“We’re a technology platform that connects riders and providers, so it’s not our job to investigate.”
Despite storied success, lately Uber has been in the spotlight for all the wrong reasons. Its apparently sub-par vetting system, its hands-off approach to drivers, and its refusal to accept any liability for what is done under its name are certainly risks you sign up for when you use Uber. And some users have found themselves in said risky situations.
1) Daveea Whitmire, a San Francisco Uber driver allegedly assaulted his passenger James Alva and called him a “faggot” in November 2013. It was later revealed by Pando that Whitmire served time for a felony (including drug dealing and misdemeanour battery), and passed the company’s background checks anyway. Whitmire was formally charged this Wednesday.
2) UberX driver Syed Muzaffer was arrested for vehicular manslaughter after killing a six year old girl with his car on New Years Eve in San Francisco of this yeari. Turns out he had a conviction for reckless driving 10 years ago that Uber didn’t pick up on, and the company is now facing a wrongful death suit.
3) Back in March 2013, Uber user Seth Bender was subjected to a homophobic, anti-American tirade before being assaulted—for burping—by his driver.
5) Uber user and writer Bridget Todd was choked by her driver in an apparent racist attack in September 2013. CEO Travis Kalanick’s response to this was to email his press team, raging at the media for believing Uber is “somehow liable for these incidents that aren’t even real in the first place,” and that Uber bears no responsibility in any case: “[We need to] make sure these writers don’t come away thinking we are responsible even when these things do go bad.”
6) Uber driver Tadeusz Szczechowicz was discovered by the Chicago Tribune in February 2014 for past convictions including “felony residential burglary… misdemeanor criminal damage to property… and another misdemeanor for breaking into a 2002 Toyota for a GPS and satellite receiver… a history of speeding tickets and had his licence suspended twice in 2008 for having two moving violations with a 24-month period.” Worryingly, reported the Tribune, “Only the felony conviction… should have disqualified Szczechowicz to be an Uber ride-share driver under the company’s rules.”
7) The Daily Beast’s Olivia Nuzzi wrote about how one of her drivers told her he had stalked and photographed her, and showed her the photos to prove it. Uber gave Nuzzi $20 free credit to say sorry—and revealed it wasn’t the first complaint they’d had about the driver. Disturbingly, the driver then began reaching out to people she knew—and Uber gave her directly contradictory messages when she asked how he knew her full name.
Nuzzi’s article included multiple additional examples sent in by readers of times when Uber drivers had left them feeling unsafe.
8) In March 2014, a Chicago woman sued Uber after one of its drivers refused to follow directions, and harassed and extensively groped her.

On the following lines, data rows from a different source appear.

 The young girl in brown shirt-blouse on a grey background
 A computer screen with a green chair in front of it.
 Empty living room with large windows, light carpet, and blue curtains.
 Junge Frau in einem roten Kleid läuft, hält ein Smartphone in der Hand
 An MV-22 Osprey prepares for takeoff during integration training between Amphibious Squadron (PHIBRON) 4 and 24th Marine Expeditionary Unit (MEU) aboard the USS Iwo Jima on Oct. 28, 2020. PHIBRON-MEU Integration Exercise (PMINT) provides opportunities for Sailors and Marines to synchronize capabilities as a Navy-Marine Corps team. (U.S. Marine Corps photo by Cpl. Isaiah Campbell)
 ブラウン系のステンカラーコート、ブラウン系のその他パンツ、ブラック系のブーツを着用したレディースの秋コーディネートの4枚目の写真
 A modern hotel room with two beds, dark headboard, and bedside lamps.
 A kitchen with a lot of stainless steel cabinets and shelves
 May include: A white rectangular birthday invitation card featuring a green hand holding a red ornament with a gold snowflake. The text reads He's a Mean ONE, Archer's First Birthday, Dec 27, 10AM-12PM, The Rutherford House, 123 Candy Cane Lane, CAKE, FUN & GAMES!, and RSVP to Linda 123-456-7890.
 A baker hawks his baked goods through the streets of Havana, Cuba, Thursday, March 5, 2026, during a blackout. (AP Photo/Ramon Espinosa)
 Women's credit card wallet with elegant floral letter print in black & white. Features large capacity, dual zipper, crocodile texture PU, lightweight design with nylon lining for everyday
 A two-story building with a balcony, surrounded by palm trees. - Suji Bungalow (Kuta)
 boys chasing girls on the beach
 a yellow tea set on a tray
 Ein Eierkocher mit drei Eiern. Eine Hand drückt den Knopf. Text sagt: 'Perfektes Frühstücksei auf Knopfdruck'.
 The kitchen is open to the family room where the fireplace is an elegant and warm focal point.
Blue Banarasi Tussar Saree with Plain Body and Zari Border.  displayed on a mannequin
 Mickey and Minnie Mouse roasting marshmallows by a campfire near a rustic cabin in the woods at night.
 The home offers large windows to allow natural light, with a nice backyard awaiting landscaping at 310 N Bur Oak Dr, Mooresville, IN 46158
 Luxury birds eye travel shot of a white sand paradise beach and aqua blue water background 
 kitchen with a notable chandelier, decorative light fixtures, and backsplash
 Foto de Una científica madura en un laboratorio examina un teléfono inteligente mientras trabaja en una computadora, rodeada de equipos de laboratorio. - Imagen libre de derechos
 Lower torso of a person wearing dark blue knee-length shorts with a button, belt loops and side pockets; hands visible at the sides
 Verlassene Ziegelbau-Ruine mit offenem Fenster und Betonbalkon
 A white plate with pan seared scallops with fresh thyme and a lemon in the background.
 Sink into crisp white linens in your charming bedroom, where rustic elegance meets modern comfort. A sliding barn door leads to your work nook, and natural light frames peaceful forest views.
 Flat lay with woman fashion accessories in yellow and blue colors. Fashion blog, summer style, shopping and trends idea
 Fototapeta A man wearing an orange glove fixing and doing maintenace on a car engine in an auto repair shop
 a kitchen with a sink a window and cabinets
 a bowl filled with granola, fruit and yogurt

The driver has been charged with “negligence, willful and wanton misconduct, battery, intentional infliction of emotional distress and false imprisonment.” Uber will face a case of common carrier liability.
9) In a particularly farcical episode, Hannah Jegart was left without a ride home in April after her Uber driver was arrested mid-ride. (It’s unclear what for.)
10) This week, an Uber driver was arrested, after allegedly kidnapping a drunk woman and taking her to a motel. A police statement said that though there was “no sexual assault,” there was “some fondling through her clothes.”
Throughout this all, Uber has steadfastly maintained that by operating as a platform, it bears no responsibility for its drivers’ actions. It does not hire the drivers itself—they act as independent contractors, and Uber bills itself purely as a service that helps connect these independent contractors with potential clients. “What would you propose that we do?” a spokesperson told Pando when asked about driver misconduct; “we’re a technology platform that connects riders and providers, so it’s not our job to investigate.”
Legally, this defence is very shaky ground, and has yet to be truly tested in a court of law. It’ll take one of the many, many examples of driver misconduct to makes its way all the way through the legal system before anyone can say for sure that Uber’s in the right—or is just an unregulated, unlicensed gypsy-cab company.